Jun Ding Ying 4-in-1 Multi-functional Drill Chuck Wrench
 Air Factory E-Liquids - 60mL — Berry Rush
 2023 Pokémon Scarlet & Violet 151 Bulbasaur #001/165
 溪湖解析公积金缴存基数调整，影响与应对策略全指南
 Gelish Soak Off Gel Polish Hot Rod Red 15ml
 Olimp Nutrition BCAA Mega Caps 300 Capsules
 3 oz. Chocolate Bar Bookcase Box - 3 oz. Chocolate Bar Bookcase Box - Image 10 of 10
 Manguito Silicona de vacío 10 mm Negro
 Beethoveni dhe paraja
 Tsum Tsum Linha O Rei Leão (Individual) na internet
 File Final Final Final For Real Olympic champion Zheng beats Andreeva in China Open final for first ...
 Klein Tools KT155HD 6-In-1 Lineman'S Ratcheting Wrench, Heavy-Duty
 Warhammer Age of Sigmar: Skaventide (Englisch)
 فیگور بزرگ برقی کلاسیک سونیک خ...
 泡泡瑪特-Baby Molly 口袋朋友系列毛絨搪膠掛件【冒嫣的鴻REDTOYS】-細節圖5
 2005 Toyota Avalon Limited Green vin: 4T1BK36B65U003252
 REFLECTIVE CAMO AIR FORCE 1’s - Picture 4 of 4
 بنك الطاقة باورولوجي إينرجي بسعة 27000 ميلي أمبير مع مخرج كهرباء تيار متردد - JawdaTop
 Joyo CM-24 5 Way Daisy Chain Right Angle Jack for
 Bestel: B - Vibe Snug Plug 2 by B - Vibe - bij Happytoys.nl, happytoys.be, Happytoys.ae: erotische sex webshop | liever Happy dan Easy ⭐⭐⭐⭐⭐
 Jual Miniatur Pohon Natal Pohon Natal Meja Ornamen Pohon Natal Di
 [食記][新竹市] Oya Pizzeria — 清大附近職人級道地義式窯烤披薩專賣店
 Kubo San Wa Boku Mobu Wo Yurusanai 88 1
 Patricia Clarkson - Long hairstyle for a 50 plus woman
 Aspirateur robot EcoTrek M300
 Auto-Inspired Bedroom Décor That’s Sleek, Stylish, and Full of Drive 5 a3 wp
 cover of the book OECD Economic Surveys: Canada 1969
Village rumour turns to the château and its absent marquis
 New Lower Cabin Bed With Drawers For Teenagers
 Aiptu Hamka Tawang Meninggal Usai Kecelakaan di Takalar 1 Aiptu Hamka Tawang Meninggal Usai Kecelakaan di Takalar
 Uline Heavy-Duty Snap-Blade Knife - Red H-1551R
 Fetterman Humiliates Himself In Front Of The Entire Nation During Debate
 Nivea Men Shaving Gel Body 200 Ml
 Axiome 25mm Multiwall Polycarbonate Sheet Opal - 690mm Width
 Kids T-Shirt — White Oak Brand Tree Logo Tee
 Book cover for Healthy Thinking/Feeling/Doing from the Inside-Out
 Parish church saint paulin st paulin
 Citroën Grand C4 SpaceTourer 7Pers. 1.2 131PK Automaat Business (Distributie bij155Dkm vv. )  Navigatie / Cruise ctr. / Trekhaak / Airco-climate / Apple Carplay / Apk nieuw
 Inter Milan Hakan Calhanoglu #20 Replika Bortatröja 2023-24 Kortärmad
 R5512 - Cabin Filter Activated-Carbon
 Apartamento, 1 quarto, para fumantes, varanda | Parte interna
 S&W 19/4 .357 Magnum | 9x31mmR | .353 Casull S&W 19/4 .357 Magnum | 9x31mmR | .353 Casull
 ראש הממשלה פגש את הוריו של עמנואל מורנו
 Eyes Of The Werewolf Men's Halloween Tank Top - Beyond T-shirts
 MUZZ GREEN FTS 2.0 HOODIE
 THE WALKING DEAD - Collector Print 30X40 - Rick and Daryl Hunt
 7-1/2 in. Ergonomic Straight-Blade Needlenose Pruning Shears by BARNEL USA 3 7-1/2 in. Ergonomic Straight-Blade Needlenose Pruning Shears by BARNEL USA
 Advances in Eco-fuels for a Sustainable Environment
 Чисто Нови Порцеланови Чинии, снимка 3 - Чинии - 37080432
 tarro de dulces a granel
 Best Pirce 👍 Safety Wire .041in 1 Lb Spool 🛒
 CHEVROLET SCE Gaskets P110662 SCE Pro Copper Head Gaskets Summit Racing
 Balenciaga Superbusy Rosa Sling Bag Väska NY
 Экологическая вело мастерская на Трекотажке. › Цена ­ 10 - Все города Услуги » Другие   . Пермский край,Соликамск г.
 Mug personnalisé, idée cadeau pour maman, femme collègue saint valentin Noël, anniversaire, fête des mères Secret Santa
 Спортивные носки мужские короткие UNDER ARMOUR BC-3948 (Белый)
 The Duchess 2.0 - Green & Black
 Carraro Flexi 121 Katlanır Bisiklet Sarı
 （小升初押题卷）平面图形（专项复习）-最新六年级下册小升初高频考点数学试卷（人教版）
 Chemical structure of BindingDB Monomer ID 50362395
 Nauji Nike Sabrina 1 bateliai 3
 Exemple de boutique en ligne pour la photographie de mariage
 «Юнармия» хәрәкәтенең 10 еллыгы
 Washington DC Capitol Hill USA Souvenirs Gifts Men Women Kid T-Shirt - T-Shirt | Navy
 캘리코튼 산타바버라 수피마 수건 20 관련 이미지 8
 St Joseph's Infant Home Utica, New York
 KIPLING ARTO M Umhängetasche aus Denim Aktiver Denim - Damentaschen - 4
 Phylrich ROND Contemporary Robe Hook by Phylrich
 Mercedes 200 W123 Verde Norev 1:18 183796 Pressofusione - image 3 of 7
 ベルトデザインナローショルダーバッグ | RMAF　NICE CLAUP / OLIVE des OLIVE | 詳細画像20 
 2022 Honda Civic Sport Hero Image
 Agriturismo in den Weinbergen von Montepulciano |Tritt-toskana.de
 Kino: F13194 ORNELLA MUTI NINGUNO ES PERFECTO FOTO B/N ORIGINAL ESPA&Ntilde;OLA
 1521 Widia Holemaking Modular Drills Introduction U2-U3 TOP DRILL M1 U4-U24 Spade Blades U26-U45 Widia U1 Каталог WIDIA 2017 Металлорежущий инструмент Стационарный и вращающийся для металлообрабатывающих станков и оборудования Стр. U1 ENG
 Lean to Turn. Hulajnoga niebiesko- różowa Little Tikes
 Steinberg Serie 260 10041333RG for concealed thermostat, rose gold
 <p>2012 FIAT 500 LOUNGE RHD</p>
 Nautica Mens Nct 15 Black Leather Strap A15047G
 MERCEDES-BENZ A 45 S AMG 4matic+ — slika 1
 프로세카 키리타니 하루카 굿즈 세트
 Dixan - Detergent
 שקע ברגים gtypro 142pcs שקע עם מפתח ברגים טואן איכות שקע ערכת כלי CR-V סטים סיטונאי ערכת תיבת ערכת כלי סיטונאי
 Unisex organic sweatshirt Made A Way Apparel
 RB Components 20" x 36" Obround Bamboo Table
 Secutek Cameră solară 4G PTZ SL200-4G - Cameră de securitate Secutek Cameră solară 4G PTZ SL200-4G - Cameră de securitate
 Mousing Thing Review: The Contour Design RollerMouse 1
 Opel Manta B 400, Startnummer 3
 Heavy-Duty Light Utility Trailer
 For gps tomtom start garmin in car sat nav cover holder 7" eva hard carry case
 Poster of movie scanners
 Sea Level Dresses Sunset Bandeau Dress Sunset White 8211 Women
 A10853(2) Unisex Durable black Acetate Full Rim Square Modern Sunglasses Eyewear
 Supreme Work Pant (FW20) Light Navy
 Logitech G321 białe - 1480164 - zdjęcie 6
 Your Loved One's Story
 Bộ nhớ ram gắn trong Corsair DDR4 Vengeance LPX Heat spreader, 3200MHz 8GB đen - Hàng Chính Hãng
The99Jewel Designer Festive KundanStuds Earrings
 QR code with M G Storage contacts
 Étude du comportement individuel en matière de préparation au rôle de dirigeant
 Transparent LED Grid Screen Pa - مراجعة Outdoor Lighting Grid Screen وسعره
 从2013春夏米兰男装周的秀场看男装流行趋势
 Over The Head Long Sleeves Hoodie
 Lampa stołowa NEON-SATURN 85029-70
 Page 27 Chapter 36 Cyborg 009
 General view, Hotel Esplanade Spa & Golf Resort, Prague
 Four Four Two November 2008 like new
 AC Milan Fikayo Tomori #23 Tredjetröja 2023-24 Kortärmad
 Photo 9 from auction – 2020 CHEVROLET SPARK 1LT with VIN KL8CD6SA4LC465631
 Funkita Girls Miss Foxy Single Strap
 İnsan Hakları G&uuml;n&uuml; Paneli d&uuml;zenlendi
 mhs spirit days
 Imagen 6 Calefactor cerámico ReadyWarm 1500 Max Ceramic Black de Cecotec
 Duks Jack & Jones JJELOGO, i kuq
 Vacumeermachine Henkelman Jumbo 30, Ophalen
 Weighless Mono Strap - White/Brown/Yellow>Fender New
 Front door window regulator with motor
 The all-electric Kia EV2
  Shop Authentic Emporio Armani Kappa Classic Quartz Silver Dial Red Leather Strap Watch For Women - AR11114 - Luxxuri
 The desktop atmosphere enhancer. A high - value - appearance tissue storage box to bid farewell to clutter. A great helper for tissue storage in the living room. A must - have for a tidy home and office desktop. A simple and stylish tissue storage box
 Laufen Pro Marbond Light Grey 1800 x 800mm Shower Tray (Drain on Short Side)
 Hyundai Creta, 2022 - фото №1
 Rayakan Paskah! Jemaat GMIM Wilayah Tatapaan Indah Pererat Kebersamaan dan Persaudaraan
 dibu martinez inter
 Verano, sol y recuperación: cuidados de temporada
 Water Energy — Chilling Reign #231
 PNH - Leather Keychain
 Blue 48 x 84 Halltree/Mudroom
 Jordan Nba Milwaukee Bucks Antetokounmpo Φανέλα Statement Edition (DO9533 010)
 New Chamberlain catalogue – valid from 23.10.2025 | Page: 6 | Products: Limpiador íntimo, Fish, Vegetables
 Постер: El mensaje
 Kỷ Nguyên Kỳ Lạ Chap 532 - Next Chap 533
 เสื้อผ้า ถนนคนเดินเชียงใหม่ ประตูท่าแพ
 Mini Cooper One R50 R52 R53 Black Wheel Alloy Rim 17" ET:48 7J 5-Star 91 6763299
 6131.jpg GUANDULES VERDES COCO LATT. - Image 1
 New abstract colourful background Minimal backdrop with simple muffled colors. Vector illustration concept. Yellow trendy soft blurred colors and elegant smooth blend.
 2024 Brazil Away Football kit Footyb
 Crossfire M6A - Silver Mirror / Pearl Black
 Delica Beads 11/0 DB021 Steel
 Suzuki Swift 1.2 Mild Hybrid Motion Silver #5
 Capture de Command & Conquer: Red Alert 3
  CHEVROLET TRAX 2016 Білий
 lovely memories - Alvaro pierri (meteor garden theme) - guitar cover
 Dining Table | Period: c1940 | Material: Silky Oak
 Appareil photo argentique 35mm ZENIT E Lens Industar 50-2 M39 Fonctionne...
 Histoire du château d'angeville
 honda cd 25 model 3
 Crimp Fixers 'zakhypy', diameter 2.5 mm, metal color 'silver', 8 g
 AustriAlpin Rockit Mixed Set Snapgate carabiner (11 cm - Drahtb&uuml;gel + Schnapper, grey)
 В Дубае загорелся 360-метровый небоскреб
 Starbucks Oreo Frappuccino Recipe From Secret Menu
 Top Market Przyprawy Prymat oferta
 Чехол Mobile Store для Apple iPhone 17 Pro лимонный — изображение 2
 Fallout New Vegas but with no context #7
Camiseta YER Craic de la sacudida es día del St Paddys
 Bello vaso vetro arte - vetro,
------------------------------------------------
Exercise brief
Copy out every line from the material above where the string "pour" turns up.

Expected answer
 Mug personnalisé, idée cadeau pour maman, femme collègue saint valentin Noël, anniversaire, fête des mères Secret Santa
 Exemple de boutique en ligne pour la photographie de mariage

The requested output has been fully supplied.